**EXERCISE REQUIREMENTS:** Every line in the records below with the string "green" is to be copied out.

**RECORD EXCERPTS:**
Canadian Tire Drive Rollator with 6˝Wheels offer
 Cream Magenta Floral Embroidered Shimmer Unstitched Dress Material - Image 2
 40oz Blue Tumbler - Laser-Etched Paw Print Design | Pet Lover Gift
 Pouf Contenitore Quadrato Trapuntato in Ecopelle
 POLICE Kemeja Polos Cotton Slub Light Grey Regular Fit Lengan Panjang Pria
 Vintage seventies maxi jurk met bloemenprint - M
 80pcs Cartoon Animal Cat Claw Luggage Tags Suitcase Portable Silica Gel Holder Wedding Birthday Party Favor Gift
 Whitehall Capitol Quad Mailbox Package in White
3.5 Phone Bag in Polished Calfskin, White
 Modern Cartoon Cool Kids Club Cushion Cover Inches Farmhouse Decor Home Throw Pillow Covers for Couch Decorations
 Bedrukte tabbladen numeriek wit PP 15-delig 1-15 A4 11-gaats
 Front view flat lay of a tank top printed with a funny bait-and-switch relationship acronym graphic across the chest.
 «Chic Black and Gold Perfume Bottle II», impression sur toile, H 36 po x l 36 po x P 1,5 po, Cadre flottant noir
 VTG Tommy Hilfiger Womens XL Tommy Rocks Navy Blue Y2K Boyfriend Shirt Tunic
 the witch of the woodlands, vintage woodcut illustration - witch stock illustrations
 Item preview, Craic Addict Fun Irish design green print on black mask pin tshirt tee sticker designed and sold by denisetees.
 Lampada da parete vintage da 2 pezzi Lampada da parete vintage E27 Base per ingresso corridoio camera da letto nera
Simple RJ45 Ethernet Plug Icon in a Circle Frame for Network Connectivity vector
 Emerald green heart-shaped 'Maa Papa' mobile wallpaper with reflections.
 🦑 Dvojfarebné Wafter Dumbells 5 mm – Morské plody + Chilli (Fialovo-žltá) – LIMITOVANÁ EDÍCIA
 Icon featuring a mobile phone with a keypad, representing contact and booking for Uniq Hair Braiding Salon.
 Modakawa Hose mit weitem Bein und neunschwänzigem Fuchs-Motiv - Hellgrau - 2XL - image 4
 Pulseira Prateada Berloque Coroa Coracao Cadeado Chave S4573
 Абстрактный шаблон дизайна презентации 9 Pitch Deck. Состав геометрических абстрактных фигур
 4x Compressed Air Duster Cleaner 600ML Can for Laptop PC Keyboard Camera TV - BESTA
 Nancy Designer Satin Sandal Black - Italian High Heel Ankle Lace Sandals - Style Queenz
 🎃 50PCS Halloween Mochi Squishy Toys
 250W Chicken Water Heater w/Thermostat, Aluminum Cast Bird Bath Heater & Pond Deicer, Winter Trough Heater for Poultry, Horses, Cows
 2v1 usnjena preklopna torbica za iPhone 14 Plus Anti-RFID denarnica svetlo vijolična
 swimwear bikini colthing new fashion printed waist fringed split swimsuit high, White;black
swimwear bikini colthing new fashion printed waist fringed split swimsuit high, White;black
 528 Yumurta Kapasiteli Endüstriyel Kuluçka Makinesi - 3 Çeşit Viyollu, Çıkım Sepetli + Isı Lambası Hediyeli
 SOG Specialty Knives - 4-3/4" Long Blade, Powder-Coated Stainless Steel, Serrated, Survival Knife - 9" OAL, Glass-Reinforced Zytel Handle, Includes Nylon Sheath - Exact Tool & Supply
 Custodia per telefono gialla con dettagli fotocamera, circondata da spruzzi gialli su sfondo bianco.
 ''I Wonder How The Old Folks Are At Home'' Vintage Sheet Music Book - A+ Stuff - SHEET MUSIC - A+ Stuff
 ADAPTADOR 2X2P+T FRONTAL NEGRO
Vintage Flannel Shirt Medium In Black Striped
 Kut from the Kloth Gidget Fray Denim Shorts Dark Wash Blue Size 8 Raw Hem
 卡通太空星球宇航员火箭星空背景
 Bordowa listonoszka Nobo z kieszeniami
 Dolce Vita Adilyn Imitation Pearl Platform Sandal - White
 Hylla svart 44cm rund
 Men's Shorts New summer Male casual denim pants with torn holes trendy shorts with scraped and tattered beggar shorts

**RESULT FOR THIS TASK:**
 Item preview, Craic Addict Fun Irish design green print on black mask pin tshirt tee sticker designed and sold by denisetees.
 Emerald green heart-shaped 'Maa Papa' mobile wallpaper with reflections.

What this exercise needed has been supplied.